Defining Core Practices for MM Teacher Designers

https://drive.google.com/file/d/1y96EzwnSK-pN84fGznwMNUu9h4p5yo-Q/view?usp=sharing

Defining Core Practices for MM Teacher Designers.  In detailing the teachers’ enactments of the MM lessons and reflections on the MM process using several of the lesson episodes, the researcher found four main categories of mathematical modeling core teaching practices that emerged as being central to the success of enacting mathematical modeling in the elementary classroom: a) Questioning practices: Developing student questioning competence; b) Data Practices: Connecting relevant data with formulating the problem and eliciting student thinking about important variables and assumption in a problem situation; c) Modeling Practices: Building a solution that can be communicated to others through uses of records of student work, concrete tools, written and verbal explanations, number sentences and pictorial representations; d) Analytic and Interpretive Practices: Facilitating productive analysis of a model for the purpose of refining the model (See article in press here)

Suh et al., (In press) reported ways in which researchers are collaborating with teacher designers to develop personally relevant and rigorous MM tasks for elementary students. These design skills include : 1) Leveraging problem posing routines: When posing a MM problem, teacher-designers adopted instructional routines for problem posing and worked on developing teacher and student questioning competence; 2) Connecting familiar context that engages students: Teachers, as designers, looked for situational features that warranted mathematizing and searched for contexts that were relevant and important to support students engagement in modeling. In addition, teachers elicited students to think about how their solution was shareable, reuseable, or generalizable, in order to evaluate whether a systematic model was created; 3) Connecting context with content: Teachers connected the need for mathematics in a modeling task with the curricular objectives of their grade level; 4) Considering categories of MM tasks: The modeling tasks tended to fall into four general categories where a mathematical solution or model could be used to describe, predict, optimize, and make decisions about real world situations.  

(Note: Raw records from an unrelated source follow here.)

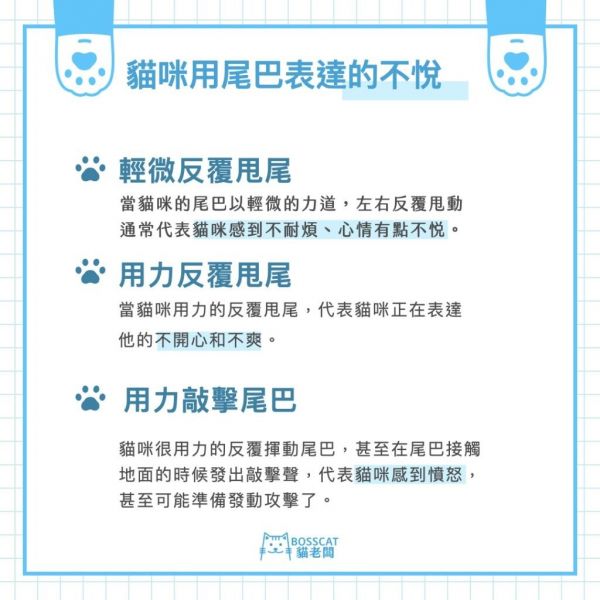 猫咪 7 种常见的尾部动作含义解析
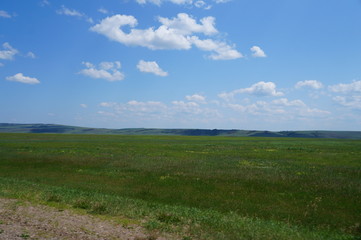 green field and blue sky
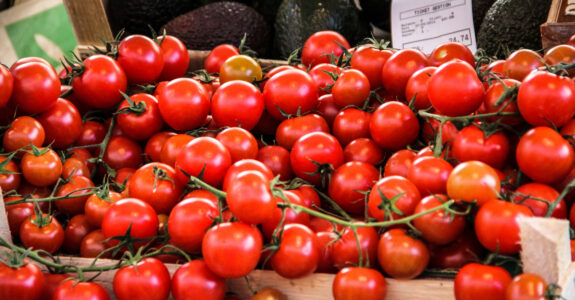 Uma coleção de tomates cheia de sabor e de história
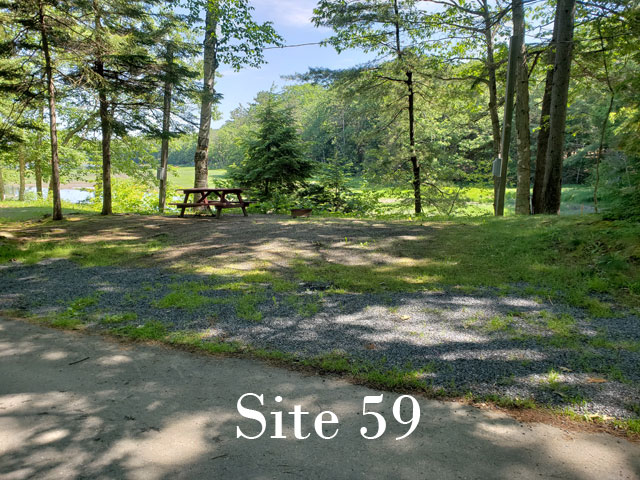 Site 59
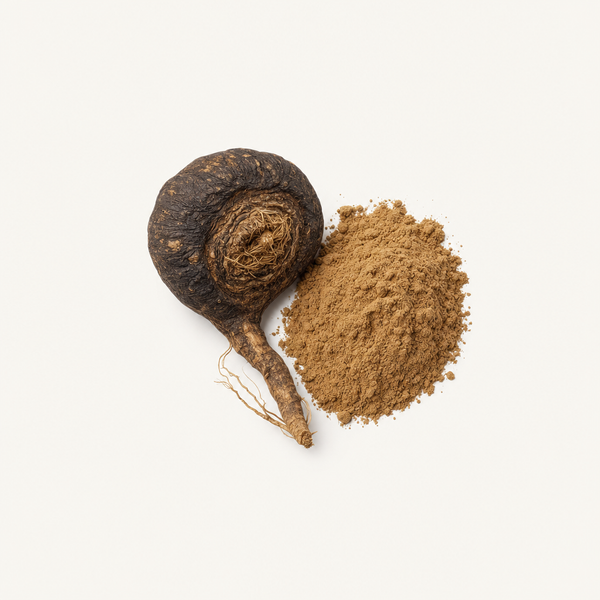 Estratto di Maca Nera 0,6% macamidi e macaeni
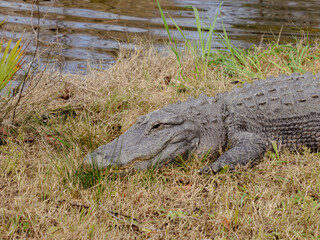 Alligator resting in grass and weeds on the ground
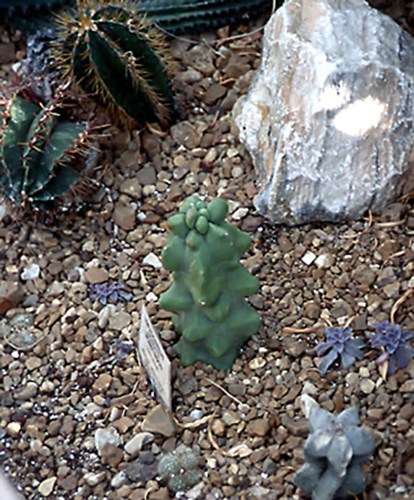 Lophocereus schotti 
Small plant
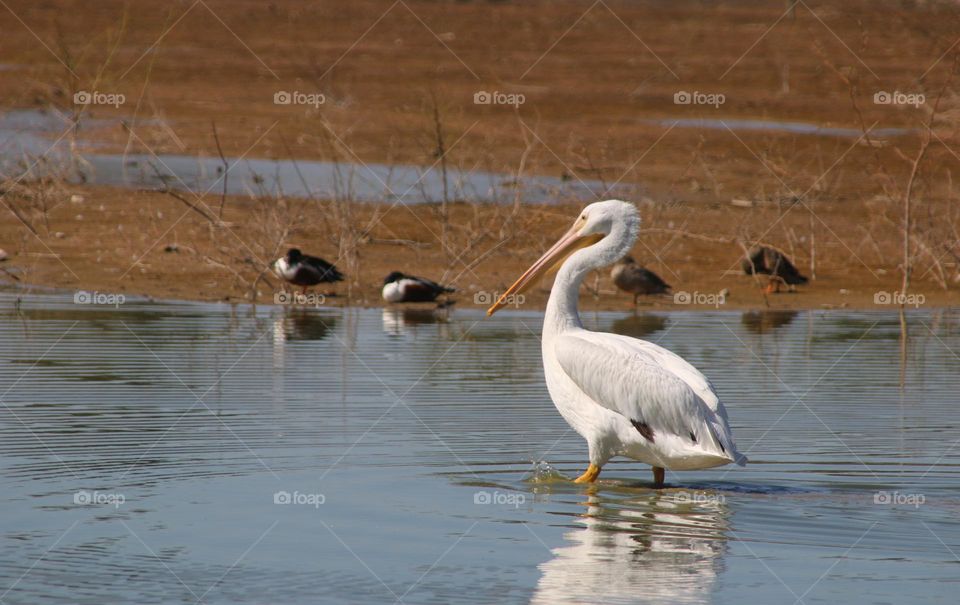 White Pelican in the Water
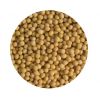 Non GMO dried cheap soybeans for sale affordable price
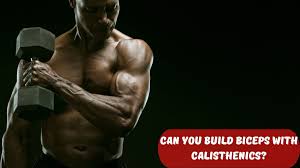 effective calisthenic bicep workouts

  • Descriptive Modeling- Using math to describe, represent and analyze a situation or a phenomenon.
  • Optimization Modeling -Using data to find the “best” by optimizing or in some cases minimizing some variable(i.e., cost, space)  in a situation.
  • Rating and ranking- Using a criteria where one assigns weights or mathematical measures as a way to rate and rank options to make decisions.
  • Predictive Modeling- Using trends and data analysis to predict an outcome or use patterns (data analysis and algebra) to predict a situation and make decisions. In some tasks, probability and statistical modeling is used to search for patterns in data to explain a phenomenon (i.e., scientific phenomenon used in STEM contexts).